Re:this is ridiculous (Score:5, Informative)
I was sort of with you until I got to this:
They are also successful because they sell phones with styli which is very important in asian countries where the pen is used to write letters of the alphabet.
Why the stylus? Is Google Pinyin banned from the S4 or something? Works great on both my S3 and Tab 2 for writing Chinese characters. (They're not letters, BTW.)
All the Chinese people I know--including my partner--use pinyin input method of some sort for this, not a stylus. The capability has existed for ages on Windows, Android, and Linux (and I would be extremely surprised if MacOSX and iOS didn't provide it also).
So I'm forced to call bullshit.
(I wish they'd hurry up with the Linux port for Google Pinyin because the latest updates to SCIM have broken it horribly and now I can only write Chinese using my phone or tablet.)
Re:this is ridiculous (Score:5, Informative)

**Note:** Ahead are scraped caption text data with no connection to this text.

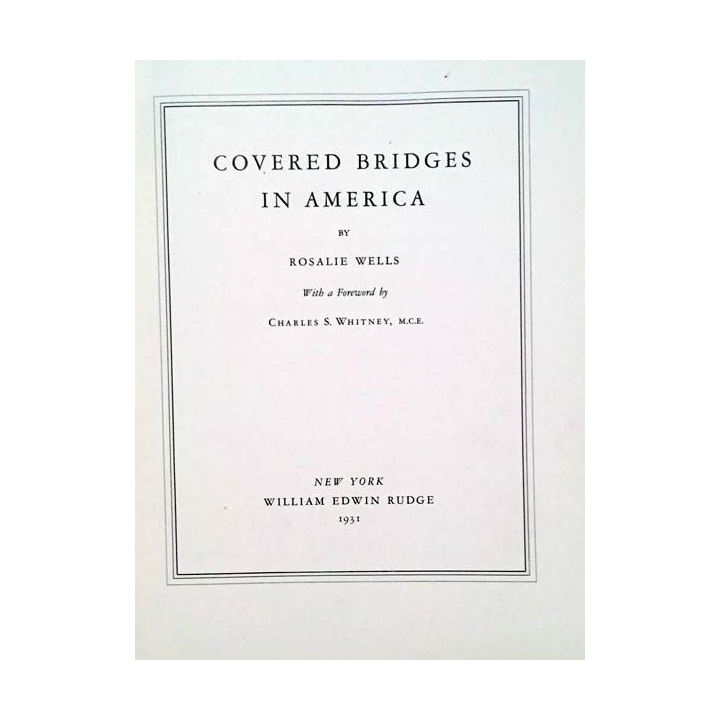 1. Covered bridges in America de Rosalie Wells aux éditions William Edwin Rudge 1931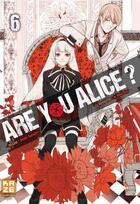 Couverture du livre « Are you Alice ? t.6 » de Ai Ninomiya et Ikumi Katagiri aux éditions Crunchyroll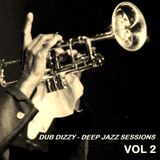 DUB DIZZY - DEEP JAZZ SESSIONS Vol 2
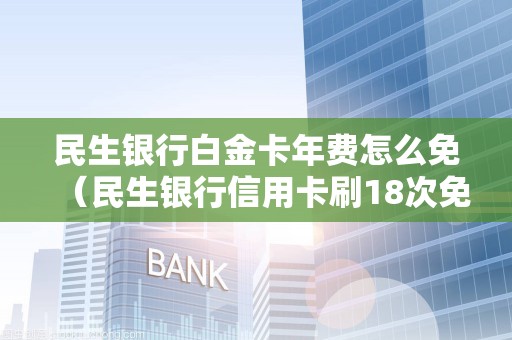 民生银行白金卡年费怎么免（民生银行信用卡刷18次免年费）
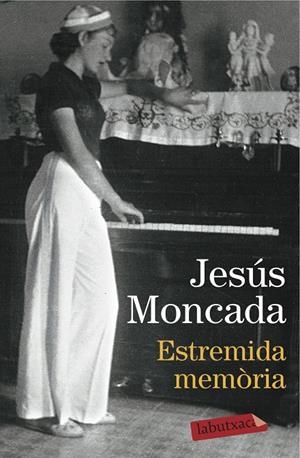 Estremida memòria | 9788416600465 | Moncada, Jesús | Llibres.cat | Llibreria online en català | La Impossible Llibreters Barcelona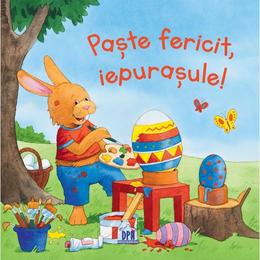 Paste fericit, iepurasule! - Sandra Grimm, editura Didactica Publishing House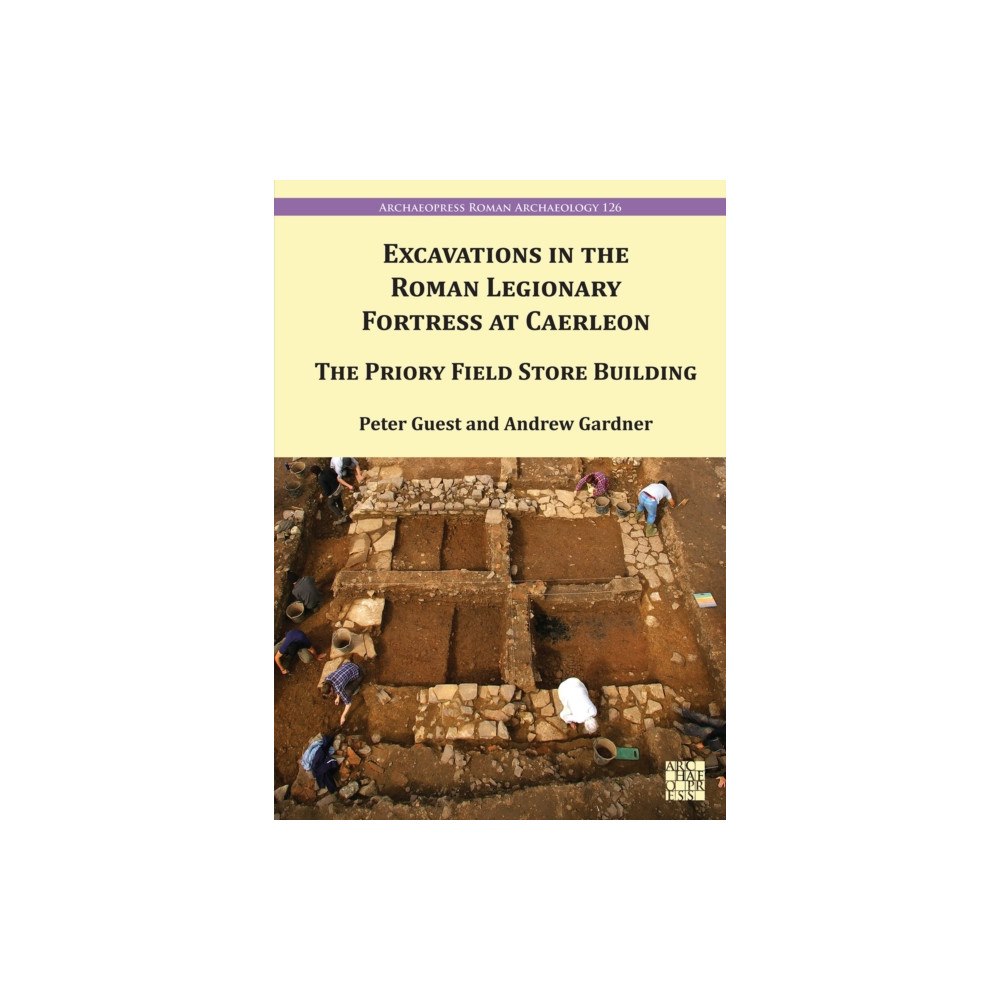 Archaeopress Excavation in the Roman Legionary Fortress at Caerleon (häftad, eng)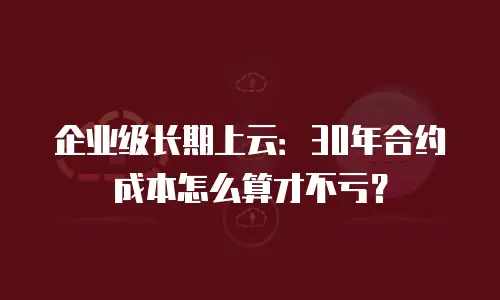企业级长期上云：30年合约成本怎么算才不亏？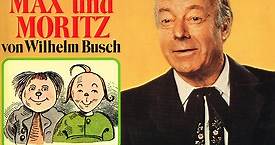 Heinz Rühmann, Wilhelm Busch - Heinz Rühmann Erzählt Max Und Moritz Von Wilhelm Busch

Not everybody uses Pinyin in greater China. People in Hong Kong and Taiwan for example usually use T9, or some other quick input method based on brush strokes. But for some complicated words you can't find, it's just easier to use the pen. Handwriting recognition is very accurate in Chinese as the number and direction of the brush stroke is matched to a database of words. There is a system on how you write each Chinese character in terms of brush strokes and there is usually only one way to write it properly. It is also a natural way of inputting characters if you haven't had previous exposures to computers, for the elderly, for example. Another reason is that not everybody speaks Mandarin (Pinyin is romanization system for Mandarin). Pinyin in Hong Kong will probably never catch on.
Re:this is ridiculous (Score:4, Informative)
There's pinyin for Cantonese as well. And some folks use bopomofo or whatever it's called, right.
And yes, I know how Chinese characters are written and the stroke-order rules and so forth, since I am working on achieving HSK Level 1 proficiency currently and know a couple hundred of them.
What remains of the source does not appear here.